Integration Watch: The quickly changing market for continuous integration

Andrew Binstock
June 9, 2009 —  (Page 1 of 2)
Continuous integration (CI) is a practice that, I believe, is very quietly gaining acceptance in IT. Two years ago, when I first wrote about CI, most folks who were not active in the agile community had never heard of it. Today, most everyone I speak to knows something about it.

I am a judge for the Jolt industry awards, presented by another company, and this year we had several CI products to examine for the first time. While adoption has steadily increased, my view is that the market is maturing quickly, with the predictable effect that users are consolidating around specific packages while ignoring other products.

Before getting into which products will make the cut, it’s necessary to first address an even more fundamental division in the market: enterprise vs. workgroup-scale CI servers. The distinction between the two levels is important in the selection of products. Enterprise CI servers are designed to manage more than builds, running tests and gathering metrics. They have an application development life-cycle management capability, including bill-of-materials inventory, deployment capabilities, release management, and deeper and more extensive process management tools.

In the category of enterprise CI servers, there are three products: Electric Cloud’s Electric Commander, IBM’s Build Forge and UrbanCode’s Anthill Pro.

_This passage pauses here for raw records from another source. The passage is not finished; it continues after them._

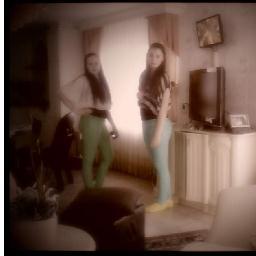 Kingmaa 3 // Me Prinsesje Nina // Yolo // Love voor me nicht Manuela // me allerliefste sussie voor altyd i love youu xx @lifeofsamanthax !3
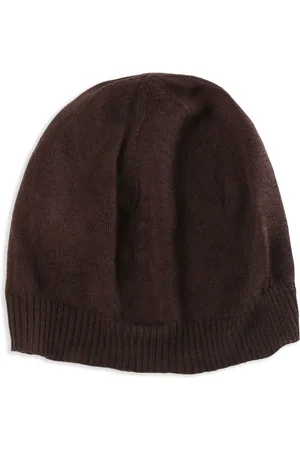 Rick Owens Hue i uld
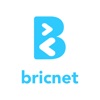 Bricnet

All three are big, expensive propositions that deliver considerable automation to build processes, as well as the early warning alerts implied by the term continuous in CI. UrbanCode provides a free copy to qualifying open-source projects. (To be clear, there is an open-source version of Anthill that’s been around for several years. However, it is completely unrelated to UrbanCode’s current product.)

The heart of the CI market is really in the sub-enterprise servers. These systems focus primarily or exclusively on managing the build, running tests, and storing metrics and statistics. This area has long been dominated by free, open-source products. The grandfather of them all is Cruise Control, which for several years defined the CI market.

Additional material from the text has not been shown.